Martin Odersky made a huge impact on the Java world with his design of the Pizza language. Although Pizza itself never became popular, it demonstrated that object-oriented and functional language features, when combined with skill and taste, form a natural and powerful combination. Pizza's design became the basis for generics in Java, and Martin's GJ (Generic Java) compiler was Sun Microsystem's standard compiler starting in 1.3 (though with generics disabled). I had the pleasure of maintaining this compiler for a number of years, so I can report from first-hand experience that Martin's skill in language design extends to language implementation.

Since that time, we at Sun tried to simplify program development by extending the language with piecemeal solutions to particular problems, like the for-each loop, enums, and autoboxing. Meanwhile, Martin continued his work on more powerful orthogonal language primitives that allow programmers to provide solutions in libraries.

Lately, there has been a backlash against statically typed languages. Experience with Java has shown that programming in a static language results in an abundance of boilerplate. The common wisdom is that one must abandon static typing to eliminate the boilerplate, and there is a rising interest in dynamic languages such as Python, Ruby, and Groovy. This common wisdom is debunked by the existence of Martin's latest brainchild, Scala.

Scala is a tastefully typed language: it is statically typed, but explicit types appear in just the right places. Scala takes powerful features from object-oriented and functional languages, and combines them with a few novel ideas in a beautifully coherent whole. The syntax is so lightweight, and its primitives so expressive, that APIs can be used with virtually no syntactic overhead at all.
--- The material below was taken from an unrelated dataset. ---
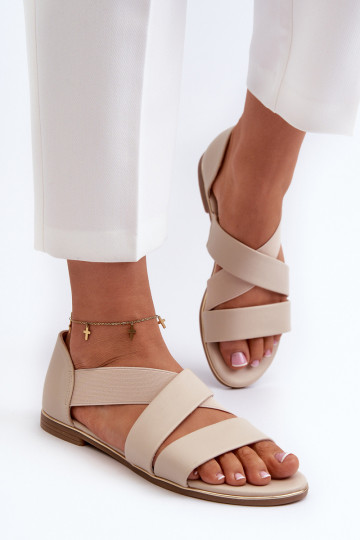 Sandales en cuir avec pompon beige Apulia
Examples can be found in standard libraries such as parser combinators and actors. In this sense Scala supports embedded domain-specific languages.

Will Scala be the next great language? Only time will tell. Martin Odersky's team certainly has the taste and skill for the job. One thing is sure: Scala sets a new standard against which future languages will be measured.

Neal Gafter
San Jose, California
September 3, 2008

Acknowledgments

Many people have contributed to this book and to the material it covers. We are grateful to all of them.

Scala itself has been a collective effort of many people. The design and the implementation of version 1.0 was helped by Philippe Altherr, Vincent Cremet, Gilles Dubochet, Burak Emir, Stephane Micheloud, Nikolay Mihaylov, Michel Schinz, Erik Stenman, and Matthias Zenger. Iulian Dragos, Gilles Dubochet, Philipp Haller, Sean McDirmid, Ingo Maier, and Adriaan Moors joined in the effort to develop the second and current version of the language and tools.

Gilad Bracha, Craig Chambers, Erik Ernst, Matthias Felleisen, Shriram Krishnamurti, Gary Leavens, Sebastian Maneth, Erik Meijer, David Pollak, Jon Pretty, Klaus Ostermann, Didier Remy, Vijay Saraswat, Don Syme, Mads Torgersen, Philip Wadler, Jamie Webb, and John Williams have shaped the design of the language by graciously sharing their ideas with us in lively and inspiring discussions, as well as through comments on previous versions of this document. The contributors to the Scala mailing list have also given very useful feedback that helped us improve the language and its tools.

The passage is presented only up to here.